The modified CHA2DS2-VASc score implementing a lower cutoff for age provides a better discriminatory power in the high-risk population of renal transplant recipients. It may be helpful to stratify POAF risk more precisely and to identify patients who need more thorough cardiologic follow-up and preventive strategies. However, this score needs to be validated prospectively and in larger samples. Prospective studies are needed to test the effectiveness of medical and nonmedical preventive strategies in this population.
MATERIALS AND METHODS
Data Sources and Participant Selection
We retrospectively reviewed clinical charts of adult patients (>18 years old) transplanted between January 2005 and December 2008 at the St. Orsola University Hospital Kidney Transplant Centre (Bologna, Italy). We included single-kidney (from living and deceased donors), double-kidney, and simultaneous liver/kidney transplants. Simultaneous kidney/heart transplants were excluded. The protocol was approved by the Institutional Ethics Committee. We evaluated the POAF incidence in the period between kidney transplant surgery and discharge from the hospital. We examined the day of POAF onset, the number of episodes, and the presence of associated symptoms. Patients were divided into two groups: patients with at least one episode of POAF (Group A) and patients without POAF episodes (Group B).

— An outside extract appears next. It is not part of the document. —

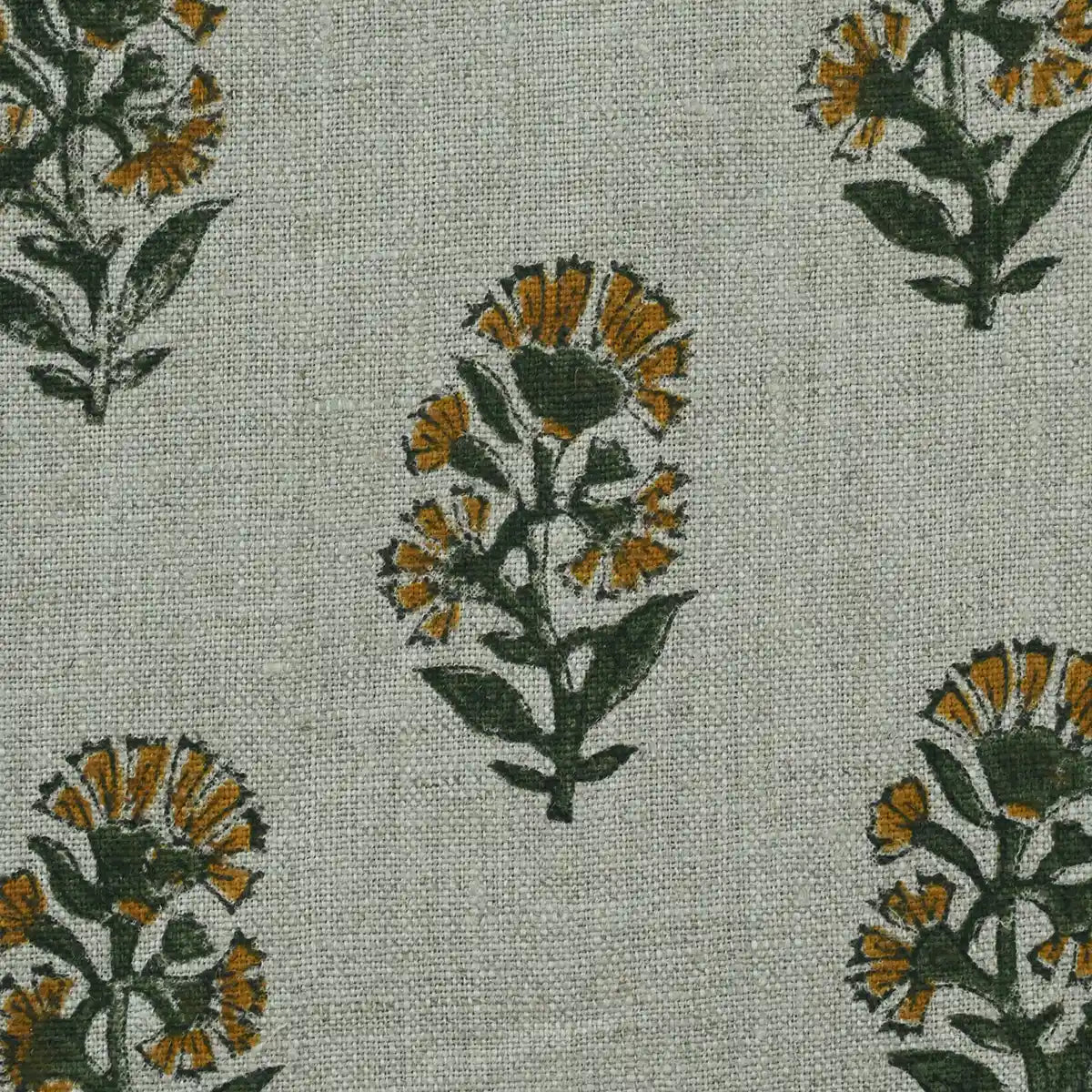 Thorian Block Printed Handloom Linen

The clinical and laboratory variables of the two patient groups are reported in Table 1. This table also provides patient histories and recent (within 1 year) cardiovascular examinations performed for patients’ eligibility for kidney transplant (history of diabetes, stroke, or myocardial infarction, arterial stiffness or presence of atherosclerotic plaques in the carotid and femoral arteries, and abdominal aorta by Doppler ultrasound, echocardiography with evaluation of atrial and ventricular dimensions, interventricular septum thickness, ventricular mass, and ejection fraction, and cardiac functional evaluation by stress test or myocardial scintigraphy). For each patient, we calculated the CHADS2 score (cardiac failure, hypertension, age, and diabetes each scored 1 and stroke scored 2) and the CHA2DS2-VASc score (cardiac failure, hypertension, age ≥75 years [scored 2], diabetes, stroke [scored 2], vascular disease, age 65–74 years, female gender, and included arterial stiffness in the vascular disease category). We developed a modified version of the CHA2DS2-VASc scoring system (CHA2DS2-VASc_NQ) by taking into account the different age distribution of transplant candidates and including the following variables: cardiac failure, hypertension, age 61 years or more (scored 2), diabetes, stroke (scored 2), female gender, age 53 to 60 years, and vascular disease. The two age cutoffs of 53 and 61 years used in this modified score were set at the median and the fourth quartile of the age distribution.

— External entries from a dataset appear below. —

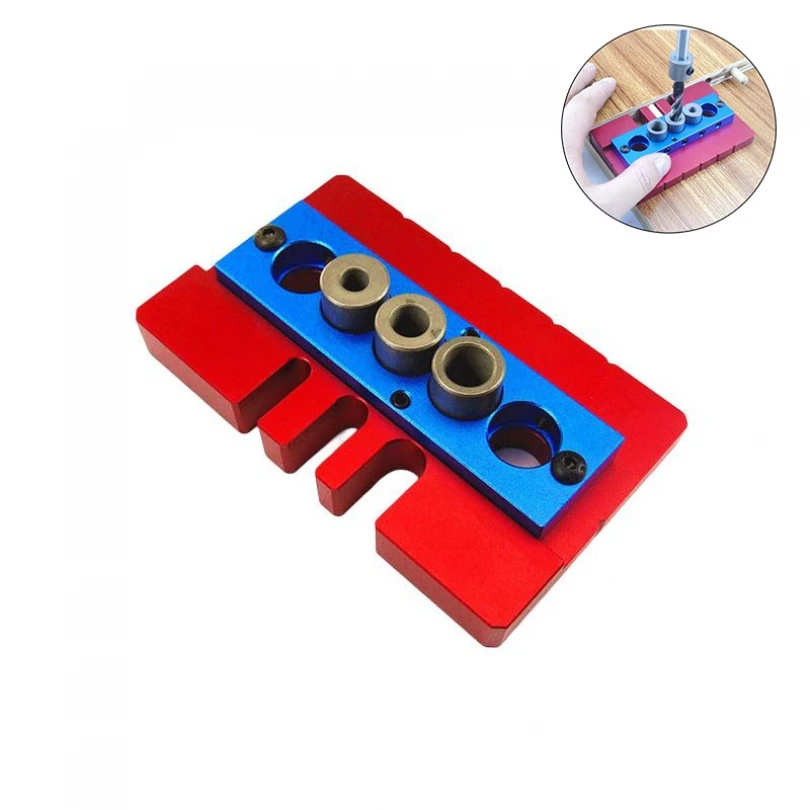 

Wear-resistant Woodworking Drilling Locator Hole Opener Aluminum Alloy Woodworking Drilling Accessories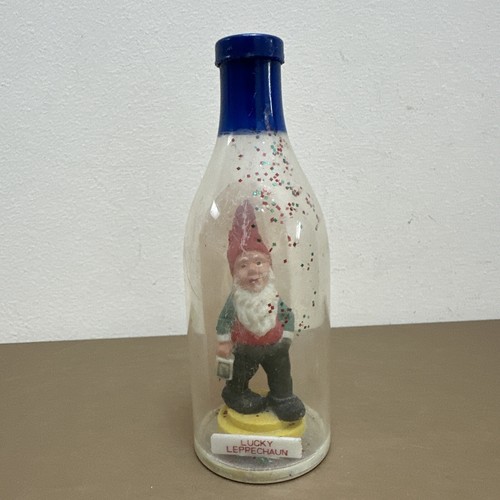 Leprechaun snow globe vintage - leprechaun,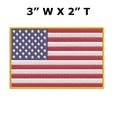 thumbnail image 2 of American Flag Iron-on Embroidered Patch, 2 of 2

Patients with and without POAF were compared on continuous variables using t tests, on ordinal-level variables using Mann–Whitney test, and on categorical variables using chi-square tests or Fisher’s exact test, as appropriate. Variables significantly associated with POAF in univariate analyses were included in a multiple logistic regression analysis. P<0.05 was considered statistically significant. ROC analysis was carried out to determine the predictive validity of the CHADS2, CHA2DS2-VASc, and CHA2DS2-VASc_NQ scores. The POAF risk at admission was estimated using Kaplan–Meier survival analysis. All statistical analyses were carried out using IBM SPSS Statistical Software version 20.0.
The authors thank Helen Spiby for the kind linguistic collaboration related to the research project “Il rigetto a medio e lungo termine nei trapianti d’organo”—Consorzio Interuniversitario Trapianti d’Organo and Dr. Ravaldi Elisa for her data collection activities.